▸ What needs to be done: Restate each of the lines below word for word and drop every picture.

▸ Information shown:
--- START ---

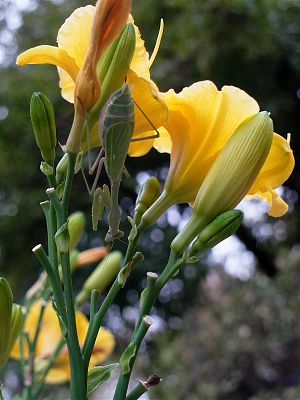 A photo of some yellow-orange lilies with a green mantis on them lying in wait upside down 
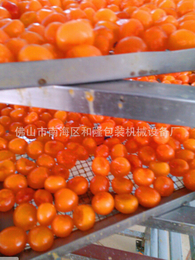 杭州食品烘干机-南海和隆包装-食品烘干机价格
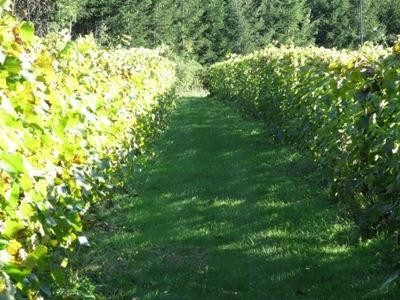 Vignoble Côte De Vaudreuil-沃德勒伊多里翁必去景点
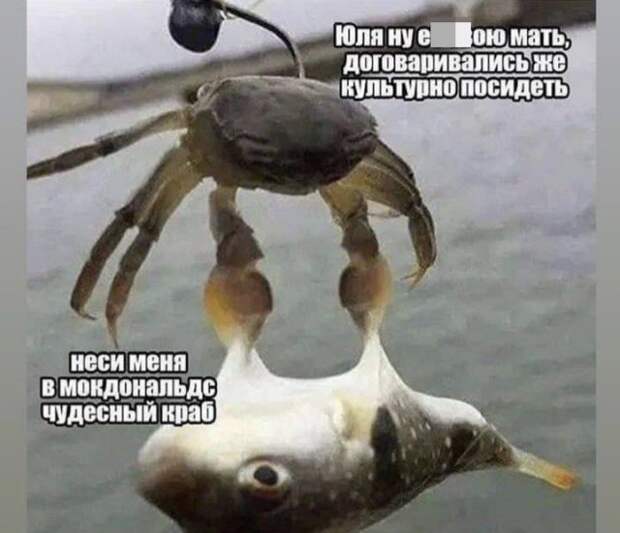Лучшие шутки и мемы из Сети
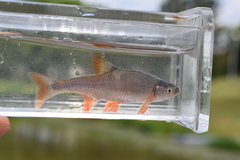 Lythrurus umbratilis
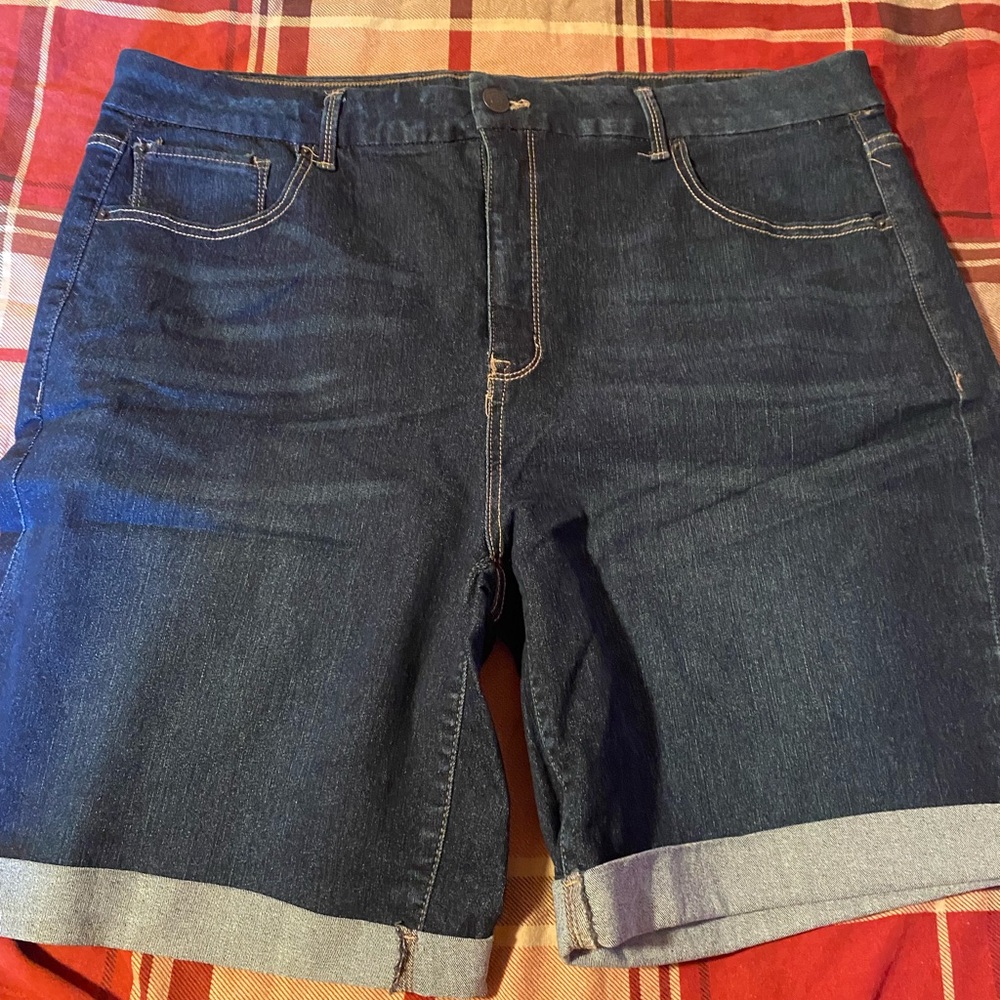NWOT 20w Terra and sky jean short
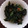 小麦粉【100g】's cooksnap of when they made ほうれん草の茎とわかめの梅干しあえ.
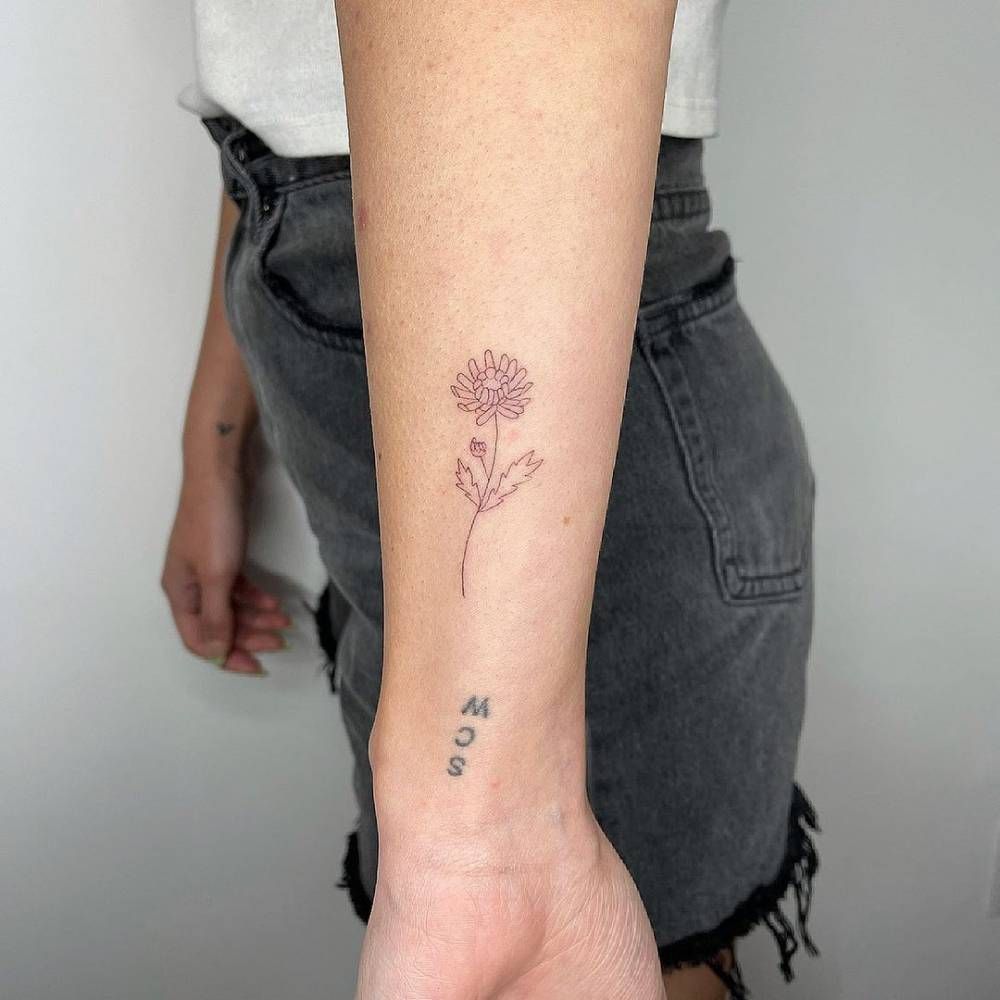 Tattoo Hoa Cúc Hoạ Mi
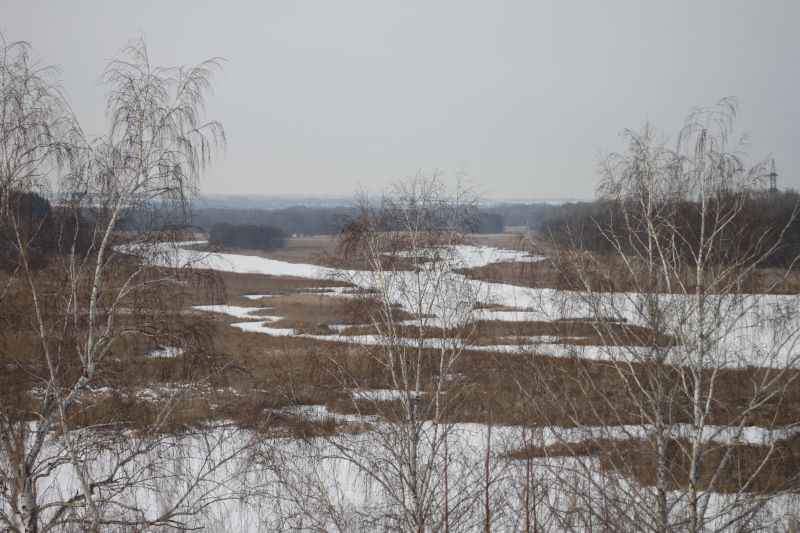 � ��������� ������� ���� ��������� ������� ������� �����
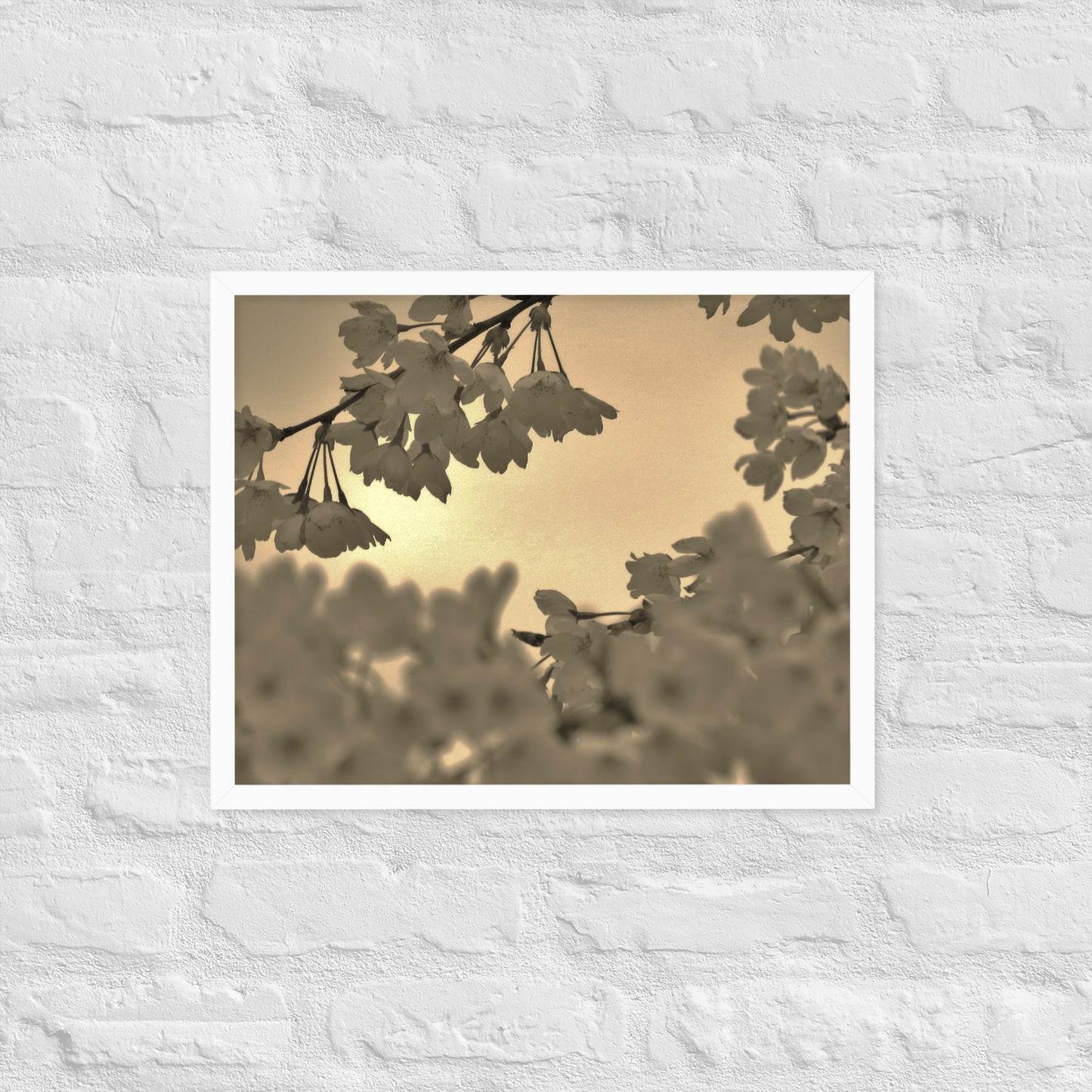 Framed poster - Sepia Cherry Blossoms
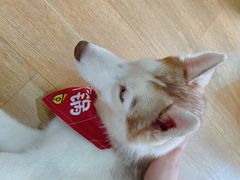 -Husky Go! 哈士奇体验馆·宠物咖啡厅狗咖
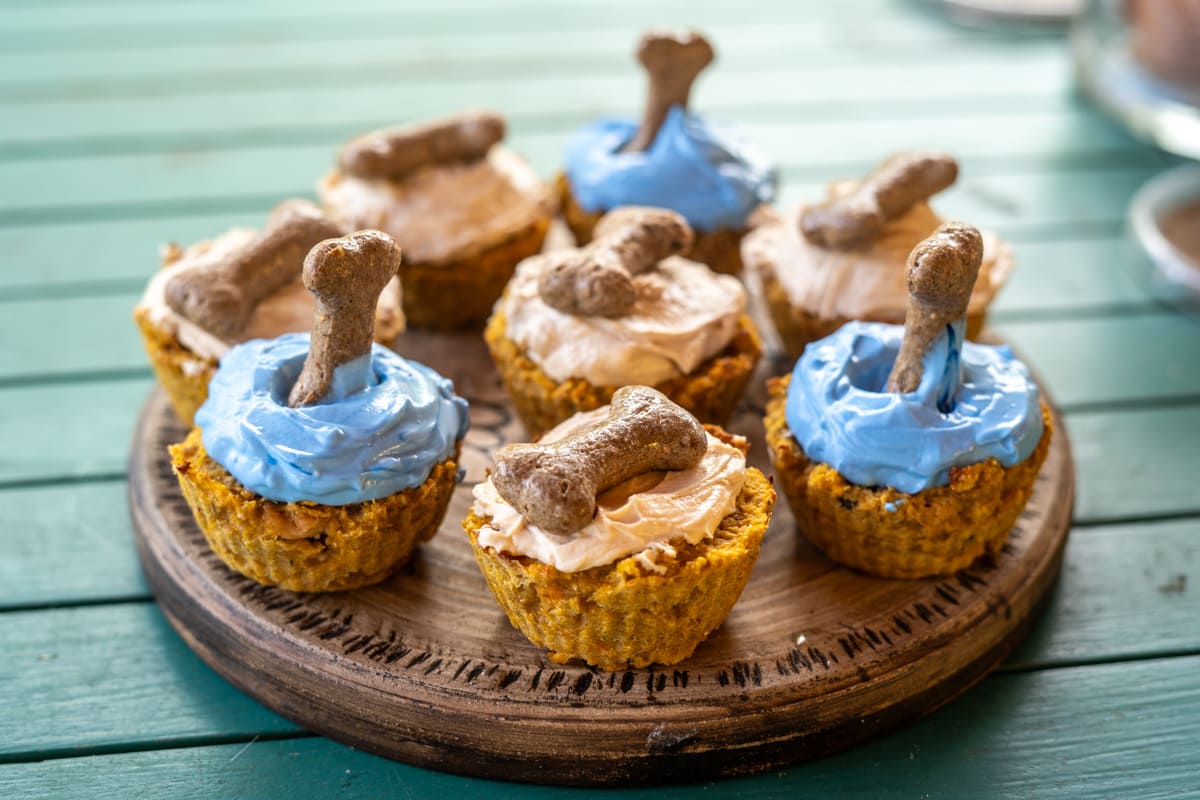A round wooden tray with eight cupcakes topped with blue and beige frosting and a dog bone-shaped treat on each, sitting on a green wooden surface.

--- END ---

▸ Response for this exercise:
 A photo of some yellow-orange lilies with a green mantis on them lying in wait upside down 
 杭州食品烘干机-南海和隆包装-食品烘干机价格
 Vignoble Côte De Vaudreuil-沃德勒伊多里翁必去景点
Лучшие шутки и мемы из Сети
 Lythrurus umbratilis
NWOT 20w Terra and sky jean short
 小麦粉【100g】's cooksnap of when they made ほうれん草の茎とわかめの梅干しあえ.
 Tattoo Hoa Cúc Hoạ Mi
 � ��������� ������� ���� ��������� ������� ������� �����
 Framed poster - Sepia Cherry Blossoms
 -Husky Go! 哈士奇体验馆·宠物咖啡厅狗咖
A round wooden tray with eight cupcakes topped with blue and beige frosting and a dog bone-shaped treat on each, sitting on a green wooden surface.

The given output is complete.